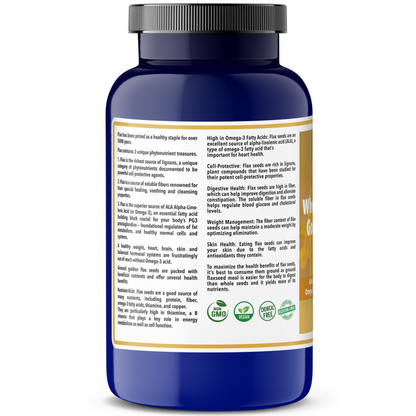 Supplement bottle with label on a white background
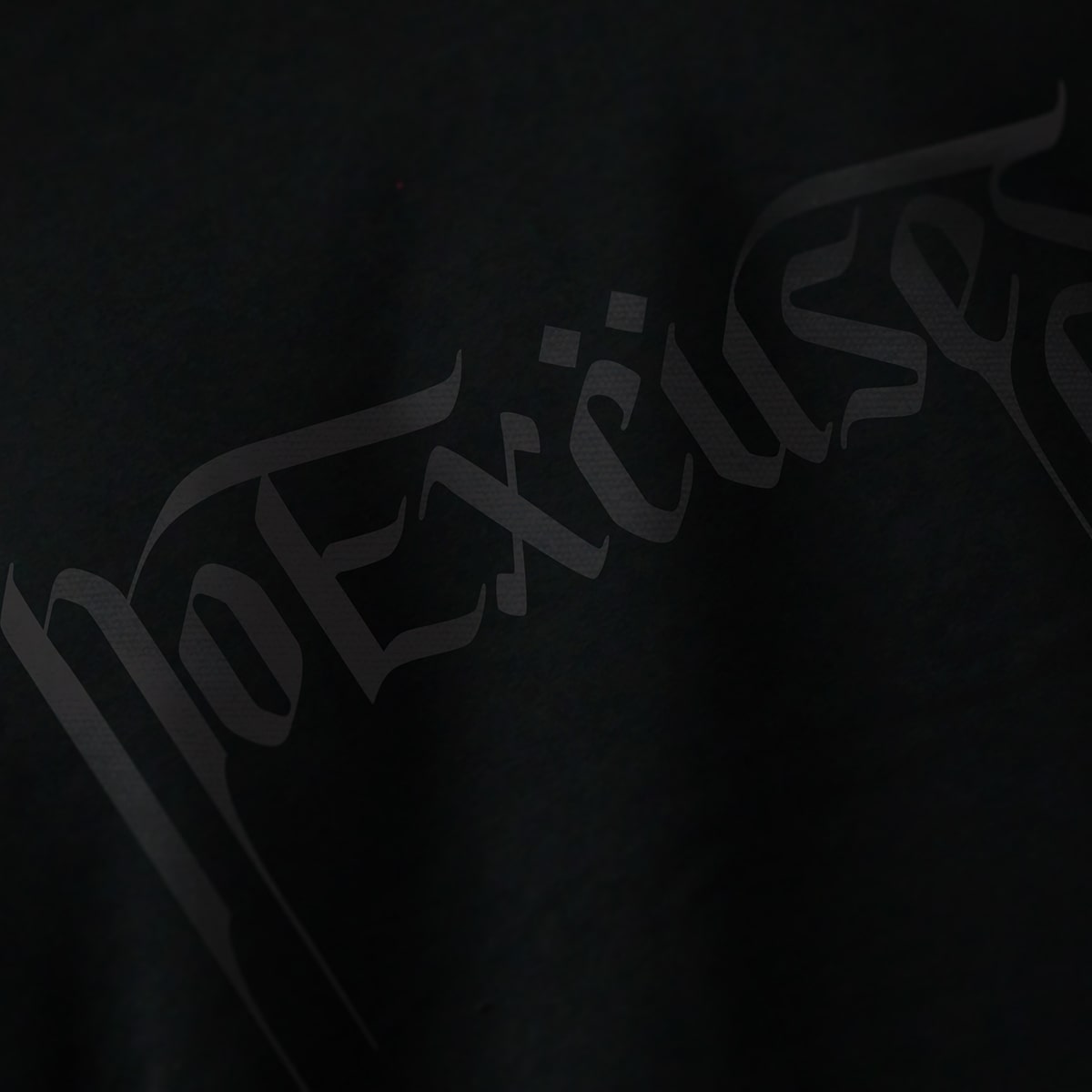 NO EXCUSES BLACK X BLACK 320 GSM JUMPER image 1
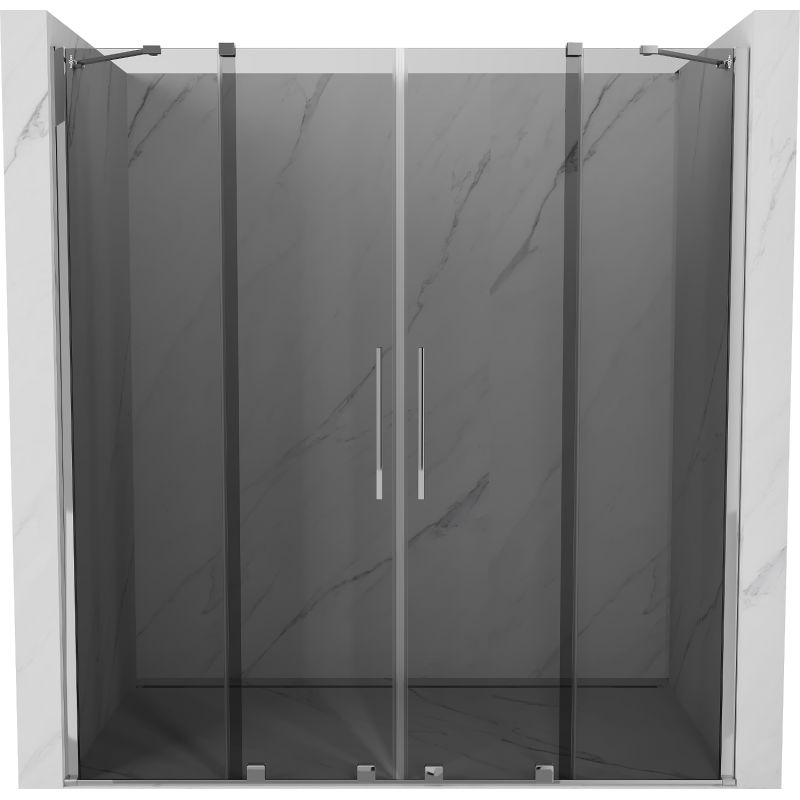 Drzwi prysznicowe przesuwne Mexen Velar grafit 180x200 cm 1 szt.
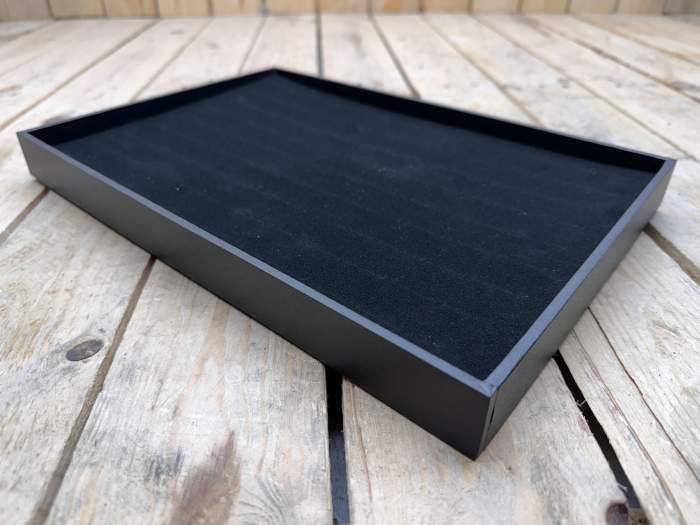 BANDEJA EXPOSITOR TERCIOPELO BISUTERIA 4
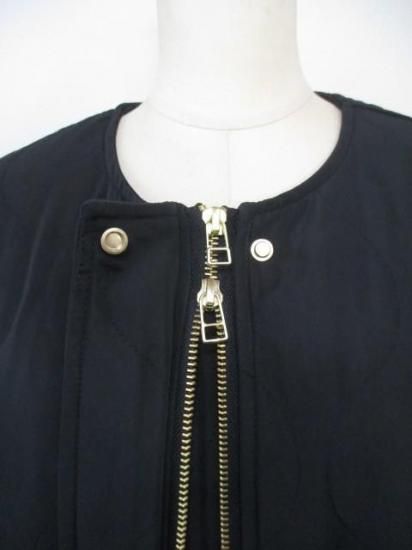 マイカ アンドディール MICA&DEAL quilted coat 0125407329-ブラック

======

- **WHAT TO DO**
Each line from the one that contains "NO EXCUSES BLACK" through the end of the records should be restated exactly; include both end lines and leave any pictures out.

- **ANSWER BOX**
 NO EXCUSES BLACK X BLACK 320 GSM JUMPER image 1
 Drzwi prysznicowe przesuwne Mexen Velar grafit 180x200 cm 1 szt.
 BANDEJA EXPOSITOR TERCIOPELO BISUTERIA 4
 マイカ アンドディール MICA&DEAL quilted coat 0125407329-ブラック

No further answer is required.